Posted tagged ‘Chili con carne’

“Food should be fun.”

January 10, 2012

This morning I had to make a quick run to the grocery store to pick up my chili ingredients. My friends are coming over for chili, cornbread and some after dinner games. Right now the chili is happily bubbling ever so slightly on the stove. I’ll make the cornbread later then set the table and put out the fixings. I don’t like beans so my chili has no beans. You purists may cringe but my house, my chili!

I wish it were colder as I always think of chili as one of those warm you up hearty sort of meals. It is 45° and a beautiful day.

We never ate chili when I was a kid. My father was a meat and potatoes guy, and that’s what we ate for dinner most nights though my mother did add a vegetable or two. Spaghetti was about as exotic as my father’s dinner ever got and even that was a bit gross. He ate his spaghetti with stewed tomatoes on top, the way his mother, the worse cook in the world, used to make it. My mother made regular spaghetti with a meat sauce for herself and us. My father also had other strange tastes. He wouldn’t eat garlic except on garlic bread with his shrimp scampi. I used to cook a roast pork and hide the garlic slices in slits on the sides of the roast. He loved it until he caught my mother doing the same thing. She took out the garlic. Once I cooked the potatoes in the same pan as I had mushrooms and decided to leave the small pieces of mushroom to give the potato a different flavor. The mashed potatoes were a bit gray. My dad wanted to know why. I told them they were Eastham potatoes. He accepted my story and ate them happily even though he didn’t like mushrooms.

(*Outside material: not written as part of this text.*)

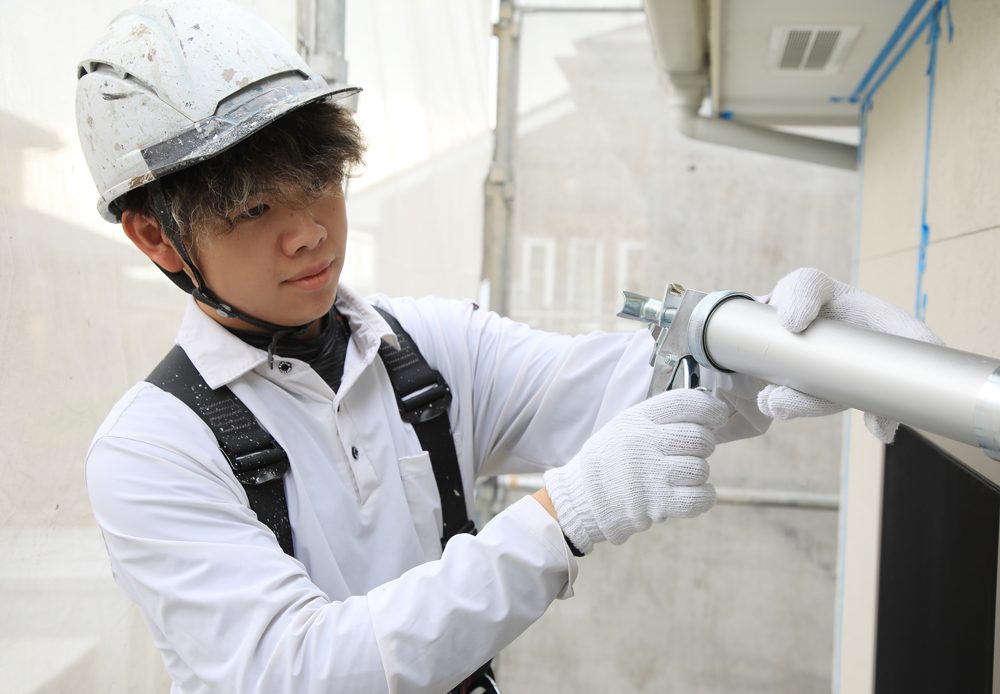 シーリング（コーキング）を充填する当社の職人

My father’s eyes served as his taste buds. If it didn’t look good, he wouldn’t eat it. No matter how much coaxing we did, he just wouldn’t try newe foods. I remember once we were eating hommos, and he mentioned it looked like wallpaper paste. Nope, he never did try it.

My uncle had a Korean wife and she cooked once for my family. My father ate only the food which looked a litttle like fried won tons with a filling. That looked familiar to him so he figured it was worth a try. The rest was way out of his comfort zone.

I tried to get my parents to visit me in Ghana. I never thought about the food. I just wanted them to see where I lived and how wonderful Ghana was. Thinking it over now, I guess my father would have been fine at breakfast with his eggs and toast, but he would have had chicken every single night, especially if he had come shopping with me. I’m laughing now at the idea of my father using his hand to pull off a chunk of t-zed, dip it in his soup bowl then eat it. Nope, it never would have happened.